Språkbanken CLARIN        CLARIN K-Centre        Uppsala universitet SVENSKA
 
                 

Resource and Knowledge Centres

– Swedish in a Multilingual Setting, SMS

The CLARIN Knowledge Centre for Swedish in a Multilingual Setting (CLARIN-SMS) offers expertise in linguistic processing of text, especially for Swedish and/or when multiple languages are involved. In addition, CLARIN-SMS offers expertise in the application of language technology to Swedish Sign Language.

CLARIN-SMS is primarily directed at researchers in the humanities and social sciences with a need for analysis, annotation or mining of Swedish or multilingual text, and additionally at researchers with a need for corpora or tools for Swedish Sign Language.

CLARIN-SMS makes resources in the form of tools for linguistic processing, as well as corpora available for research in the Humanities and Social Sciences. The resources include monolingual (mainly Swedish) and multilingual corpora across several domains, and tools for the basic processing of text, including tokenisation, morphological analysis, part-of-speech tagging, syntactic parsing, and named entity recognition.

Main Areas of Expertise

CLARIN-SMS offers special expertise:

For researchers interested in exploring Swedish texts by providing support for the creation and processing of Swedish texts with a variety of computational methods, such as linguistic annotation at different levels, or sentiment analysis.

For researchers interested in comparative analyses by providing support for the creation and processing of parallel and comparable corpora, including alignment and machine translation, as well as cross-linguistically consistent annotation within the framework of Universal Dependencies which allows for easy comparative analyses.

For researchers interested in education and content accessibility by providing support for computation and evaluation of measures of text complexity.

For researchers and users of Swedish Sign Language by providing support for the creation of lexicons and corpora for SSL, and annotation of SSL (including glosses, part-of-speech tagging and syntactic structure).

The support is provided by several partners participating in the CLARIN-SMS distributed Knowledge Centre:

  • Linköping University, Department of Computer and Information Science
  • Stockholm University, Department of Linguistics
  • Uppsala University, Department of Linguistics and Philology.

Although each CLARIN-SMS node works as a separate unit and promotes its services and resources in various ways, including promotion tours at universities, with web pages presenting projects and resources, and with presentations at CLARIN-related events, the K-centre is a common resource.
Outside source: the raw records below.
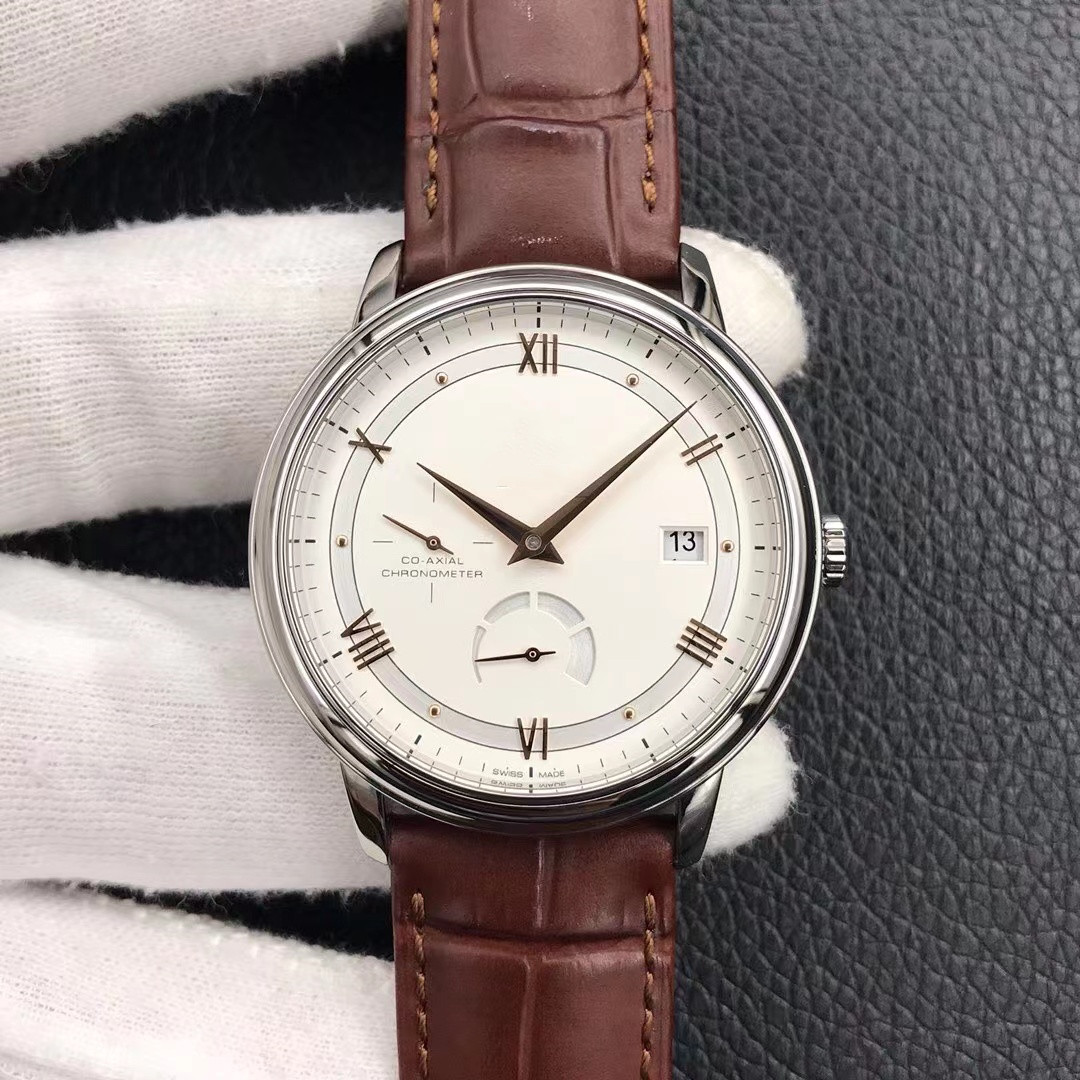 ZF watch is 39.5mm in diameter and 12.5 mm thickness. It is equipped with Cal.2627 movement, date kinetic energy storage display, sapphire glass mirror, classic buckle, As shown
ZF watch is 39.5mm in diameter and 12.5 mm thickness. It is equipped with Cal.2627 movement, date kinetic energy storage display, sapphire glass mirror, classic buckle, As shown
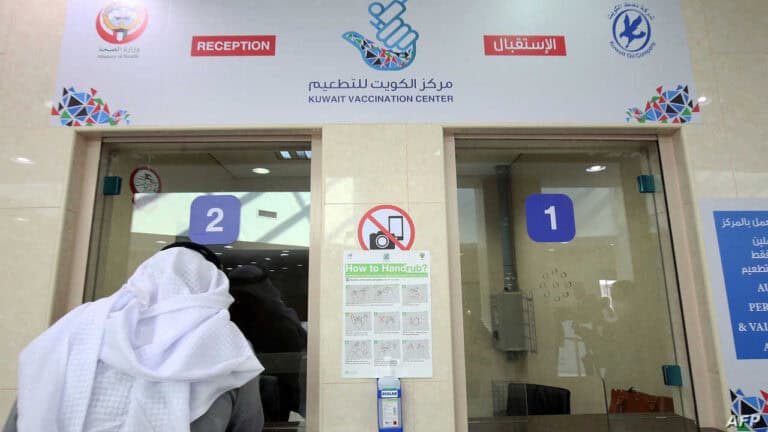 كويتيون يعبّرون عن غضبهم من قرار الحكومة فرض اللقاح الإجباري للسفر خارج البلاد اللقاح الاجباري في الكويت watanserb.com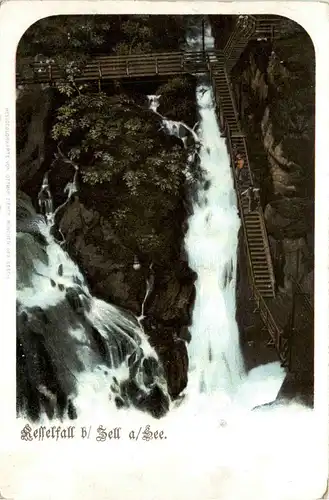 Wasserfall bei Zell am See -346130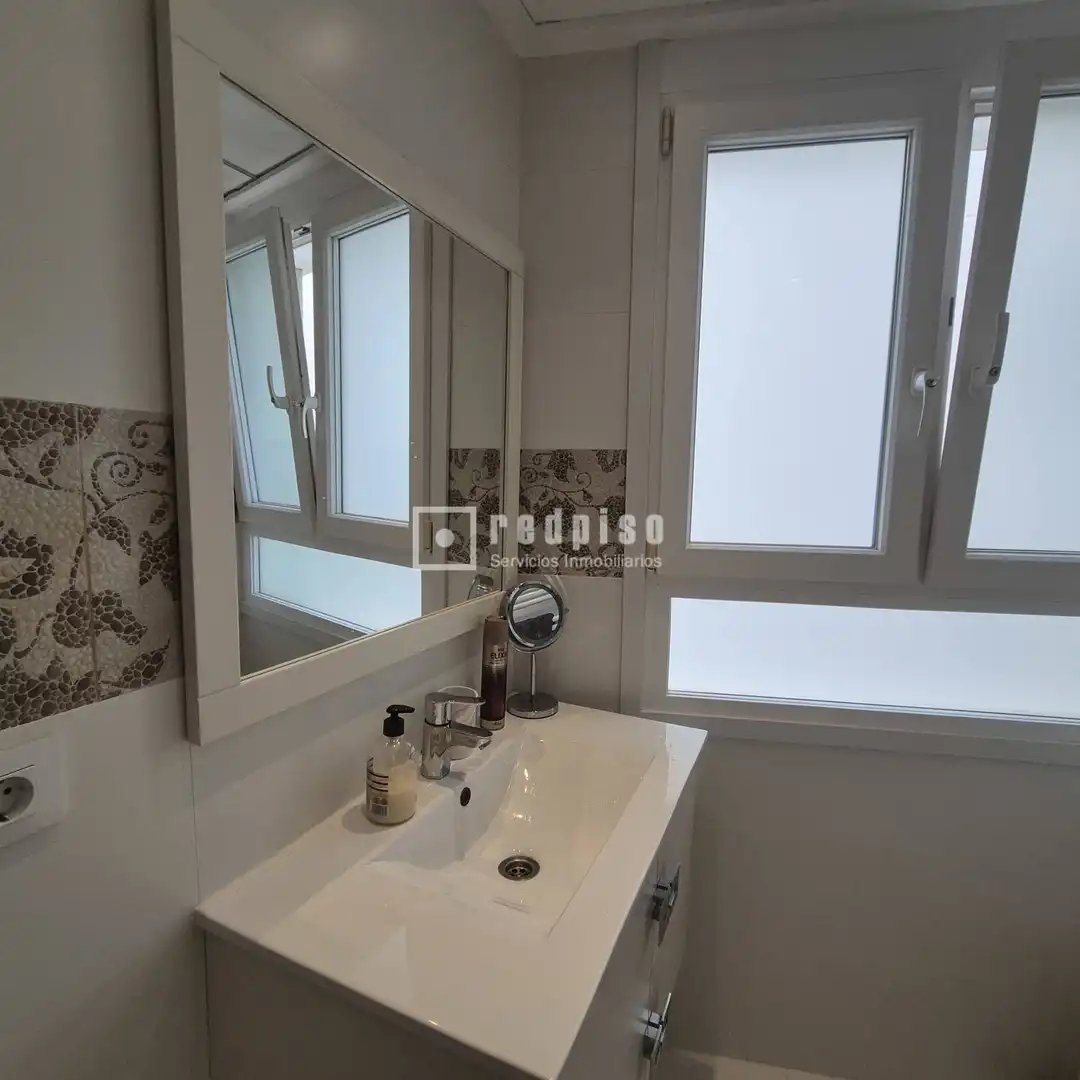 Bathroom of Flat for rent in Sevilla  with Air Conditioner, Terrace and Storage room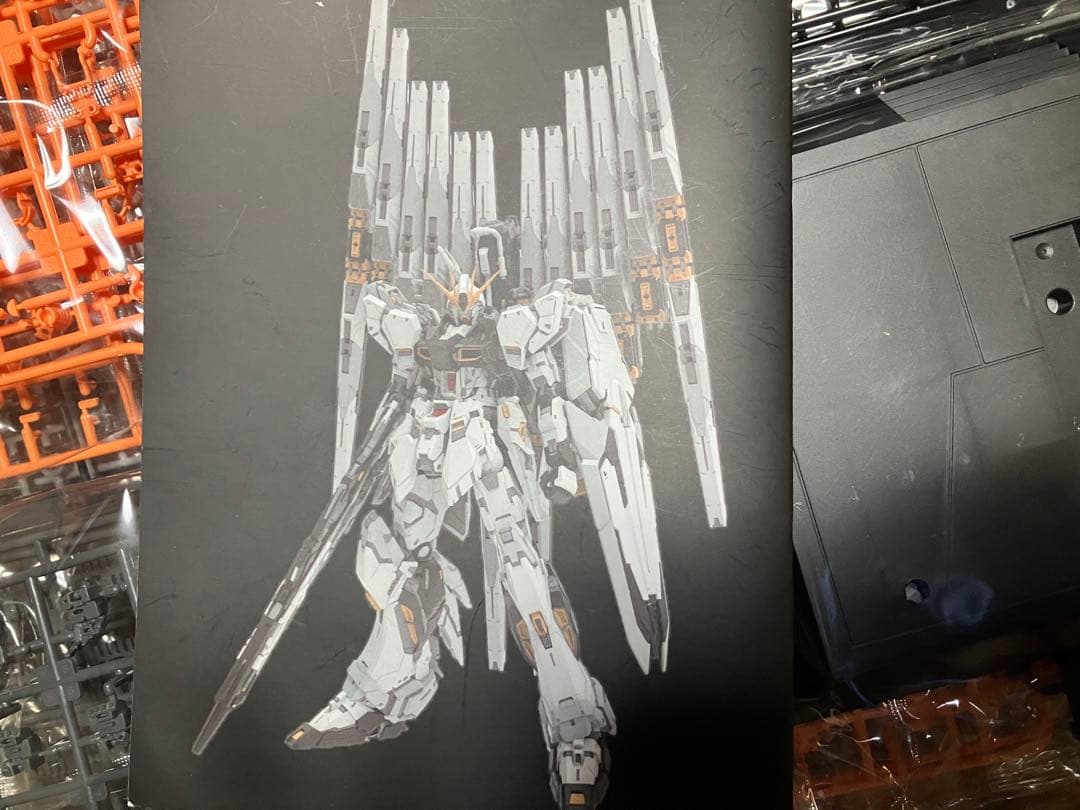 1/100 Fortune Cow νガンダム似 組立式プラモデル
CLARIN-SMS is a vibrant community, and, in accordance with CLARIN’s general mission of creating and promoting language resources, a variety of activities has been carried out at the respective nodes, including tool and resource development for language analysis, both multilingual and Swedish only.

An Active Research Hub

A number of activities are focused especially on promoting the use of language technology in SSH. For instance, one of the projects includes analysing the development of the concept of 'handicapped' from a Swedish parliamentary perspective. In this project, we help researchers process and analyse the Swedish Government’s official reports from early 1900 to the present day with a variety of SweClarin resources and language technology tools, such as the SPARV pipeline.

Another example is the analysis of the protocols of the Swedish National Bank (Sw. Riksbanken), where we compare protocols from the period when they were anonymous to protocols from the period when they were not. One of the goals of this study is to see if we can identify individual speakers from the period of anonymous protocols. Another goal is to provide the National Bank with information about potential differences and similarities in argumentation between the two types of protocols. To this end, we use a variety of SweClarin resources, such as the sensaldo-v02 sentiment lexicon or the SPARV pipeline for parsing, in combination with, for instance, topic and sentiment analysis models.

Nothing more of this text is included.